最終更新: 2025年11月16日
Jay Somとの共同制作

プロデューサーとしてのJay Som
-滝田優樹:最新作『Liquorice』ではJay Somがプロデューサーとしてクレジットされています。彼女にはどのような経緯でプロデュースを依頼したのでしょうか。また、彼女とはどのような話し合いや展望を持って楽曲制作を進められていたのでしょうか。印象に残っているエピソードがあれば教えてください。
メリナは本当に優しくて面白くて、とても仕事がしやすかった。私たちがLAの彼女のスタジオに曲を持って行った時には、曲はほぼ完全に書き上がっていたんだけど、仕上げのプロダクションで何が必要か、彼女なら理解してくれるってわかってた。誰と仕事をするか決める段階で、ビデオ通話を通じて彼女に会ったの。その時、プロジェクトの初期にJay Somの曲「Superbike」が大きなインスピレーションになったって話したら、メリナは「Superbike」のほうが実は私たち(Hatchie)の音楽に影響されたんだよって言ってくれて!だから、最初から本当に美しい繋がりを感じていたのよね。
部外者としての共感と創作
-滝田優樹:Jay Somについてもう1つお聞きします。先日リリースされた彼女の『Belong』という作品は”自分がインディーロックという生態系の中でどこに属するのか”といった問いかけだとインタビューで教えてくれました。あなたの最新作『Liquorice』は”自分自身と再び繋がり、一人で考え事をする時間を持てたことから生まれた”とのことで、どちらの作品も自分と向き合った内省的な部分で共通していますが、アルバム制作時にはそういったメンタリティーの話もJay Somとしていたりしたのでしょうか。
そうね、特定のアーティストを優遇したり、ストリーミングの数で成功を定義したりするような業界からは、断絶を感じやすいものよ。私たちが時々”部外者”のように感じるっていう感覚を共有できたから、彼女との仕事が大好きだったんだと思う。私たちは楽しんで、世間的に”成功”すると思われるものではなくて、自分たちが聴くのが大好きなアルバムを作ることに集中したの。もし大きなアーティストたちに起きていることを無視して、自分が楽しめる音楽を作ることができたら、それはずっと意味のある経験になると思う。

アルバム『Liquorice』
タイトルに込められた意味
-滝田優樹:最新作『Liquorice』について、”Liquorice”というタイトルにした理由や意味を教えてください。
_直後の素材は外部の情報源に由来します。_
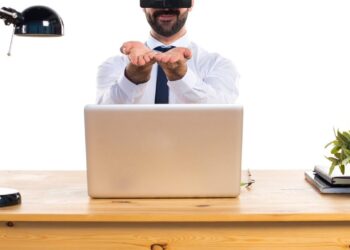 REFORMAS AL CÓDIGO FISCAL PLANTEAN “LEY ESPIA” QUE PERMITIRÍA AL SAT VIGILAR A PLATAFORMAS DIGITALES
どのようなフィーリングや雰囲気が反映されているのでしょうか。
ええと、それは「Liquorice」っていう曲から始まったの。その曲はキスを”リコリス・キス”って表現しているんだけど、これは私なりのフレンチキスの描写だったのよね…。あと、このアルバムを作っている間、リコリスティー(甘草茶)をたくさん飲んでいたし、その言葉が呼び起こすイメージや感覚が気に入ってるの。リコリスはひねりが効いていて、塩辛くて甘くて、予測不可能。愛みたいにね。
悲劇的なロマンス映画からのインスピレーション
-滝田優樹:今回のアルバムは大好きな悲劇的なロマンスの映画にインスパイアされたそうですが、その映画についてやどのような部分にインスパイアされたのか教えてもらえますか? 答えにくければアルバム制作時に聴いていた音楽作品や観ていた映画、触れていたアート作品を教えてください。
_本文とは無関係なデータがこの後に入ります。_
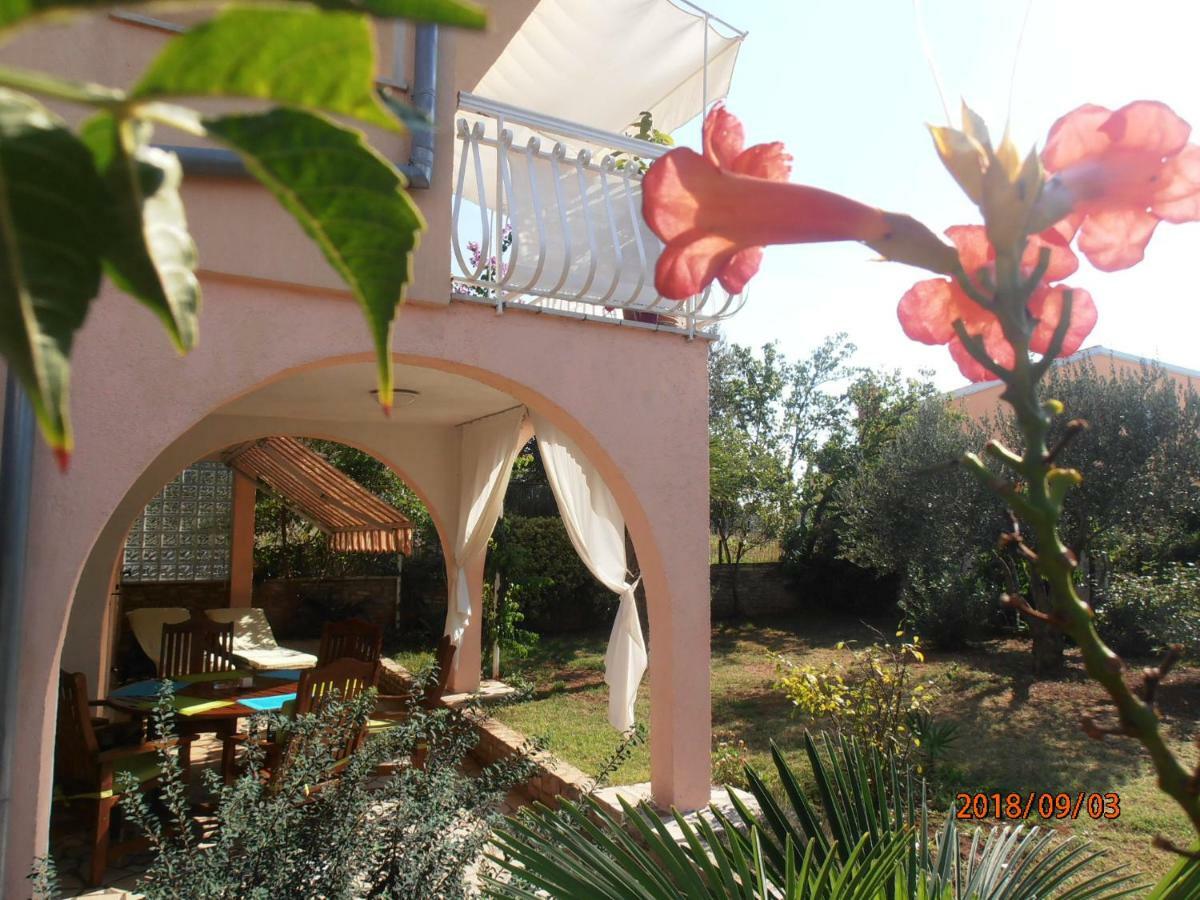 Apartment Steblaj Pula Exterior photo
ええ、特にジャック・ドゥミ監督の『シェルブールの雨傘』と、ナタリー・ウッドとウォーレン・ベイティが出演している『草原の輝き』が大好きなの。この2つの映画は、若い頃に観た時、本当にショックを受けたわ。ロマンス映画がこんなにも衝撃的だなんて知らなかった!これらが私の愛に対する見方を変えたの。今、年を重ねて、人生で多くの失恋を経験したからこそ、なぜこれらの映画がこんなに効果的で、60年経った今でもこんなに的確なのかがよくわかる。ロマンスって、本当に感情のジェットコースターみたい!それから、リチャード・リンクレイター監督の『ビフォア・サンセット』や『ビフォア・サンライズ』シリーズにもすごくインスパイアされたわ。これらは、憧れや愛の儚さを本当に正確に描いていると思う。
サウンドの進化と制作のこだわり
ギターサウンドへの回帰
-滝田優樹:今回のアルバムのサウンドは、これまでの楽曲のようにCocteau TwinsやPale Saints系譜のドリームポップサウンドも残しつつも、靄が晴れるような力強く鮮明なサウンドがとても印象的でした。そういったところは今回ミックスを担当したAlex Farrarやマスタリングを担当したGreg Obisと意識的に進めた形なのでしょうか。サウンド面で意識されたことやポイントに置いていたことがあれば教えてください。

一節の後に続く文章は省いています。